To misquote Polonius you need go no further than Brighton this week to find the best actors in the world, either for tragedy, comedy, history, pastoral, aerial, acrobatical, moral, meta-theatrical, pastoral-comical, historical-pastoral, tragical-historical, tragical-comical-historical-pastoral, scene individable, or entertainment unlimited.
The award-winning stage version of Jacqueline Wilson’s best-selling book Hetty Feather is loaded with energy, skill, great storytelling, and a dose of good old-fashioned sentimentality in a show that’s mature enough to please the adults and magical enough to satisfy the youngsters.
An extraordinarily talented group of six actors and two musicians use the most basic of props on a wonderful set by Katie Sykes that switches from bleak Victorian foundling hospital to colourful circus tent and from the squirrel house to the busy streets of London effortlessly. There’s an elephant – brought to life simply by using two large fans and a length of air conditioning tube – and even a recalcitrant horse making its mark on stage in quite the wrong way.

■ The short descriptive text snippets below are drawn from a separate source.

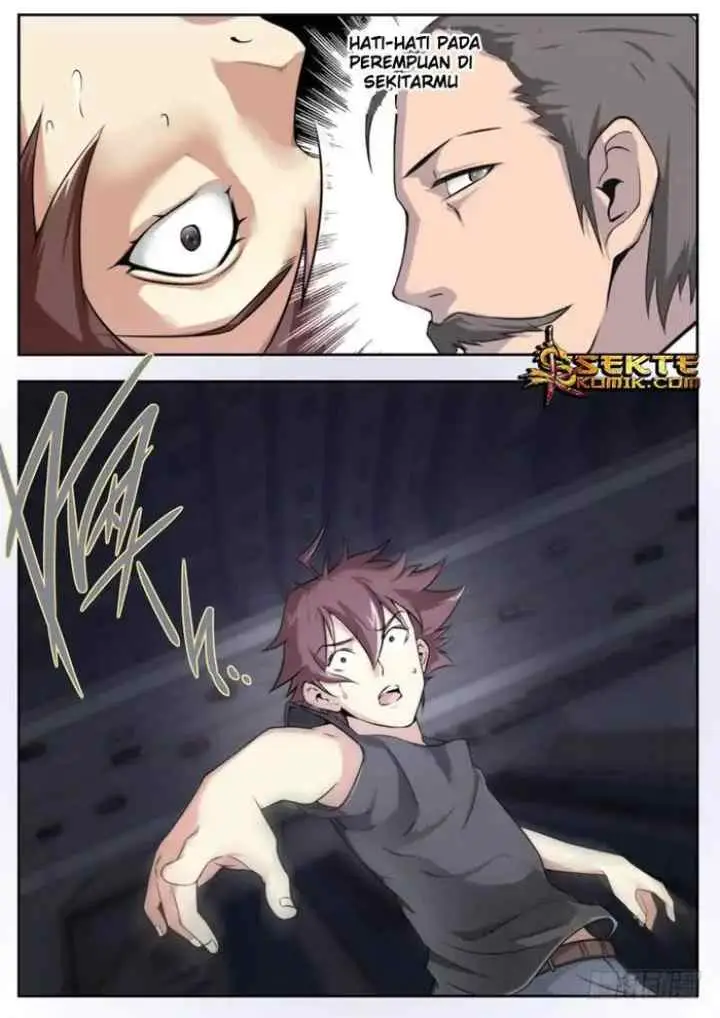 Randomly God chapter 22 halaman 5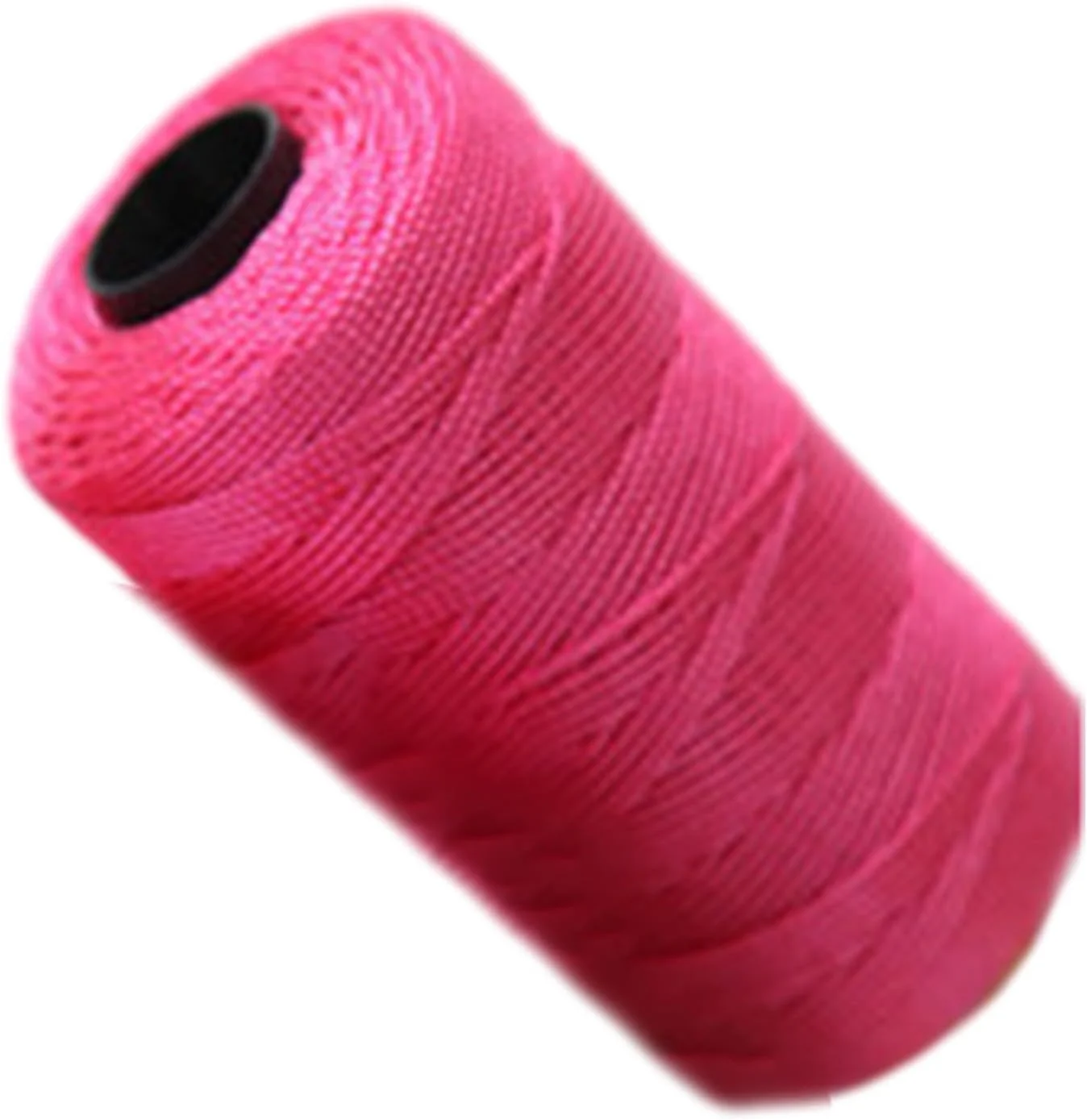 نخ خیاطی نخ های پلی استر نخ تابیده بادوام قوی برای دستگاه دستی نخ ضخیم 1.5 میلی متر طناب مکرومه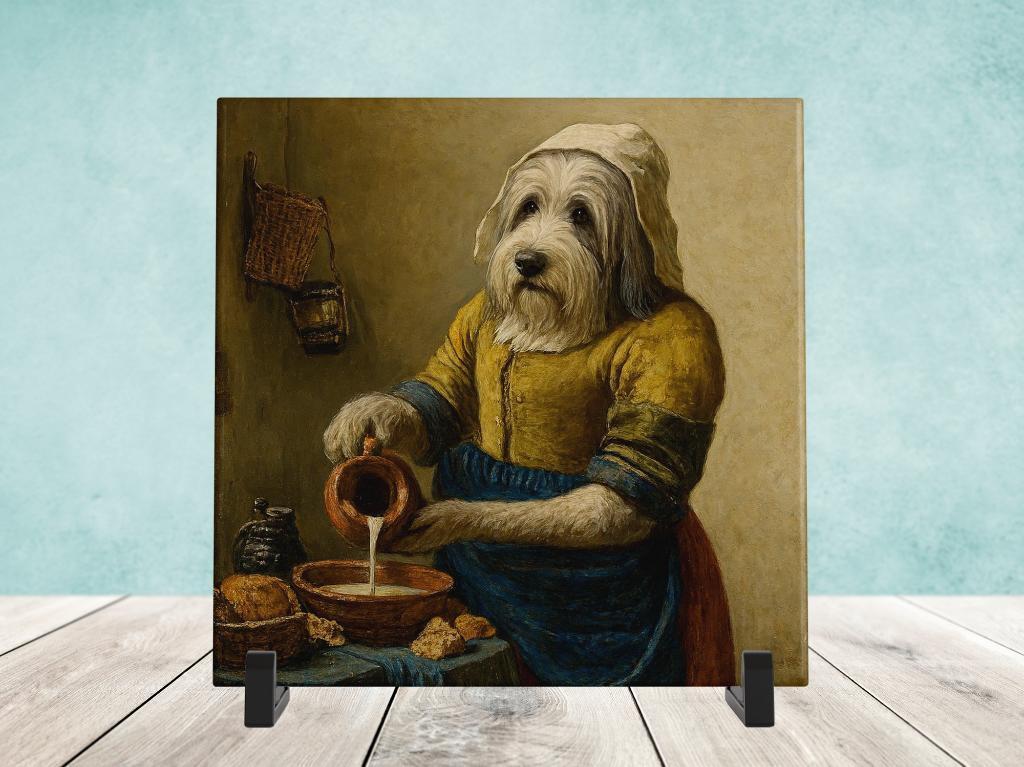 Het Melkmeisje - Bearded Collie, Verzenden, Nieuw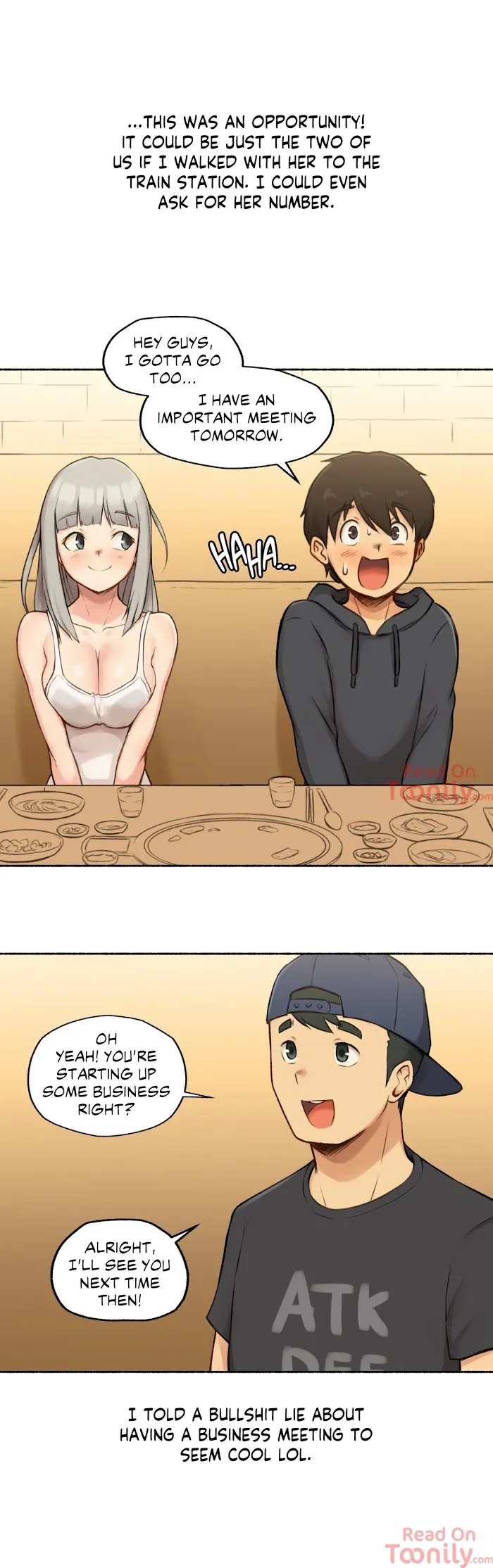 Read Sexual Exploits chapter 8 image 20 on Lezhin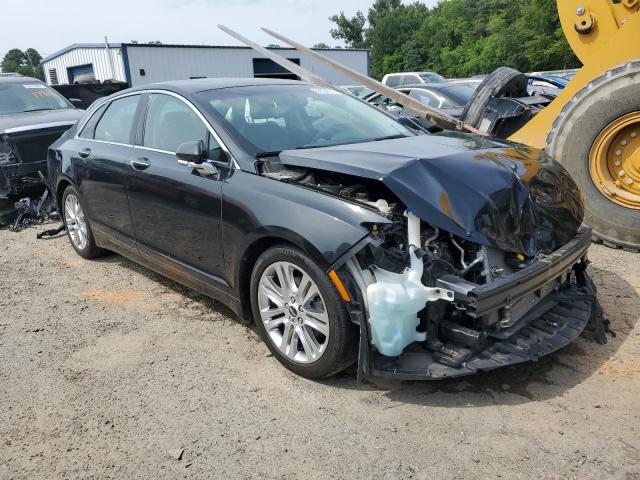 3LN6L2LU7ER830005 - 2014 LINCOLN MKZ HYBRID BLACK photo 4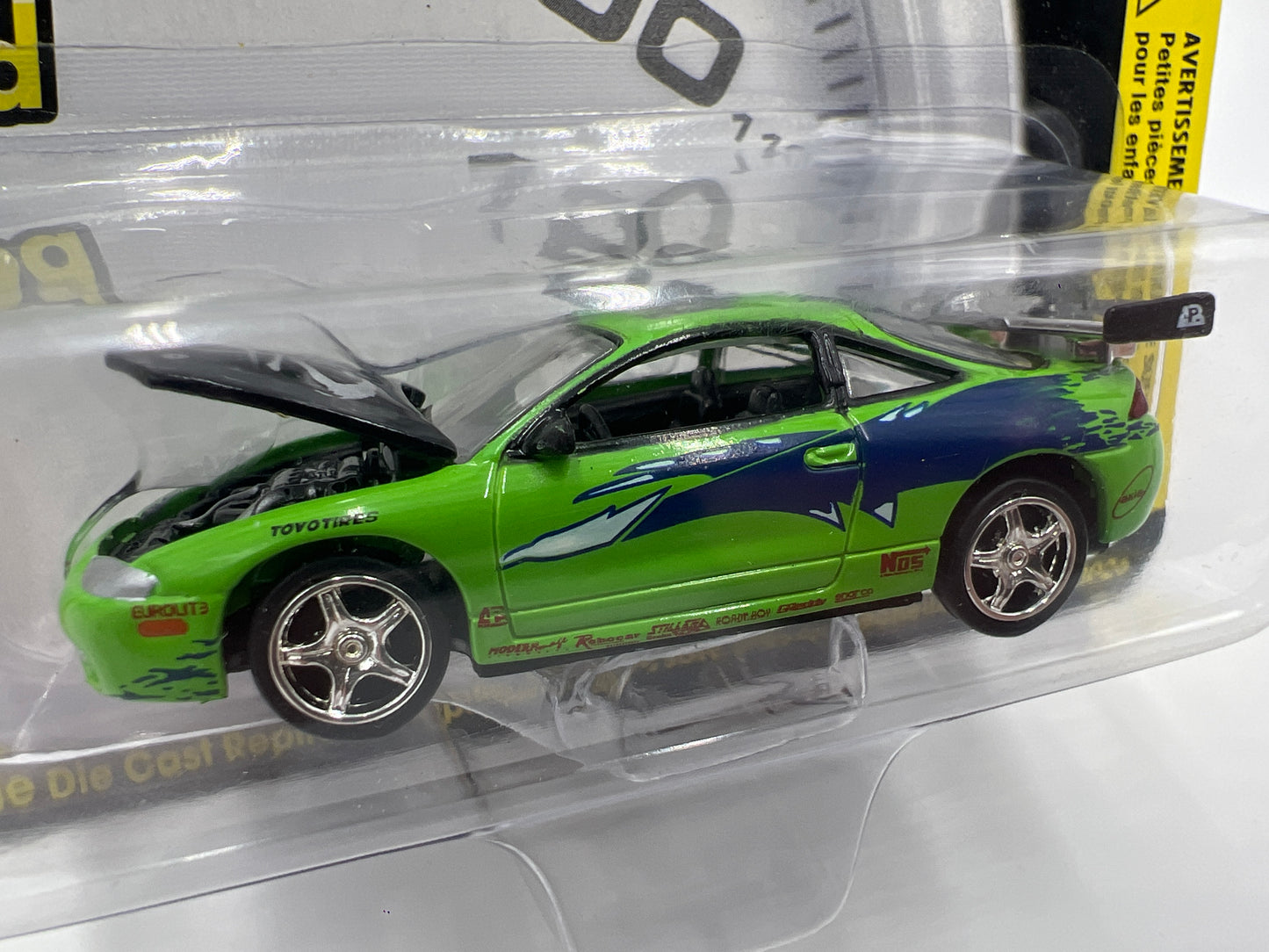 Revell The Fast And The Furious #100 Mitsubishi Eclipse Green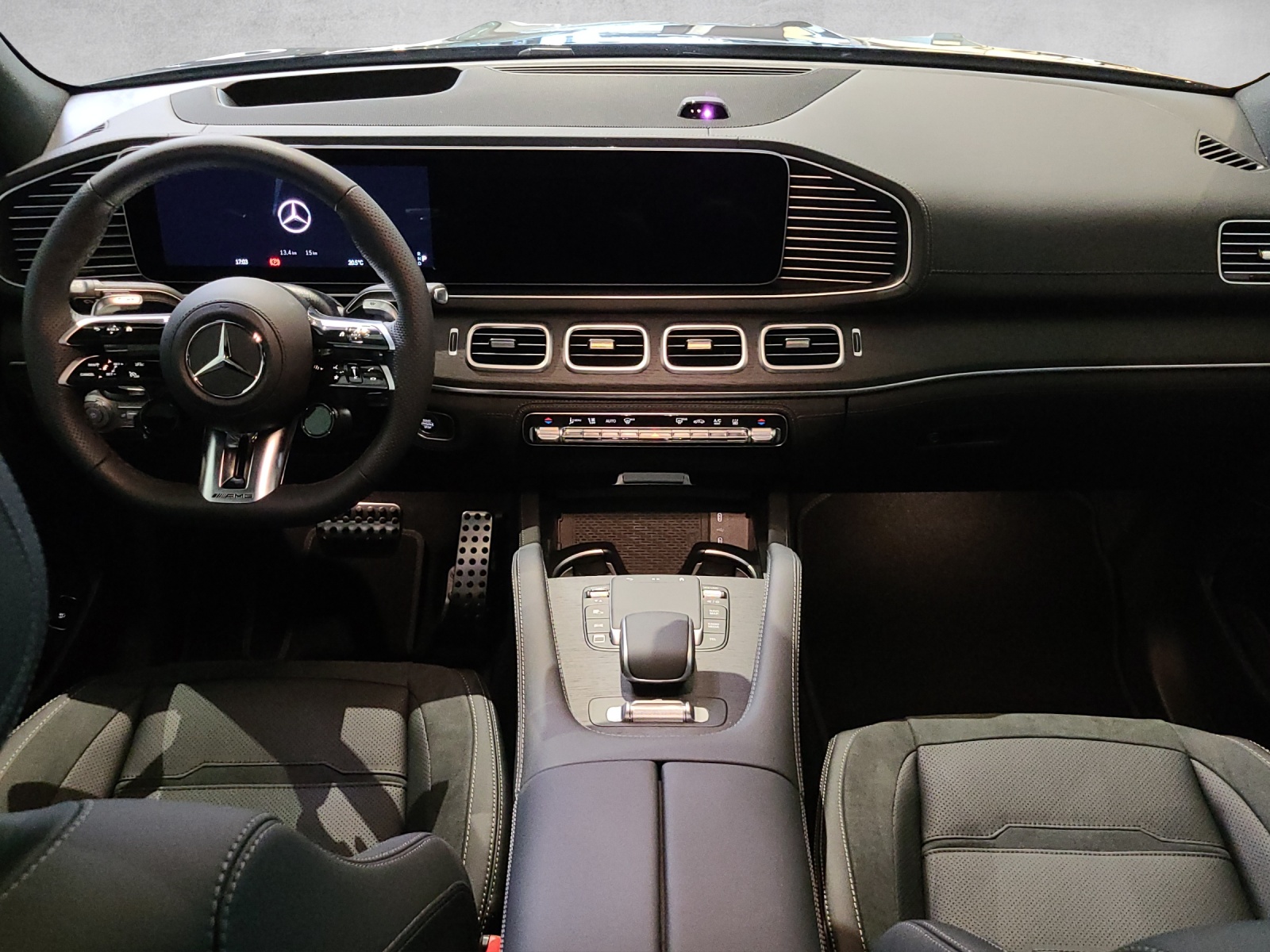 MERCEDES-BENZ GLE 53 AMG Hybrid EQ Star 4Matic+ 9G-Tronic-image-11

The secret of this production – directed with finesse by Sally Cookson and lovingly adapted by Emma Reeves (who has penned several of the Tracy Beaker stories on TV, so surely knows Jacqueline Wilson’s mind better than most) – is pretty much what the book is all about in the first place: the liberation given by full use of the imagination and the uplifting power of creativity and eccentricity.
The many children in the first night audience sat transfixed through nearly two and a half hours, tittering at the funny bits, marvelling at the clever bits, and hushed and dewy-eyed at the emotional bits. It’s wonderful to think of young people perhaps visiting the theatre for the first time being hooked forever by the imaginative possibilities memorable performing arts such as this allow.
In the title role Phoebe Thomas is every bit as feisty as the hot-headed red-haired heroine, an orphan in search of her mother, growing up against a backdrop of a kind foster family, a strict school and a sense of adventure. Impish and imaginative, she wins everyone over with her sense of justice and desire to belong, and her determination to reach for her dreams.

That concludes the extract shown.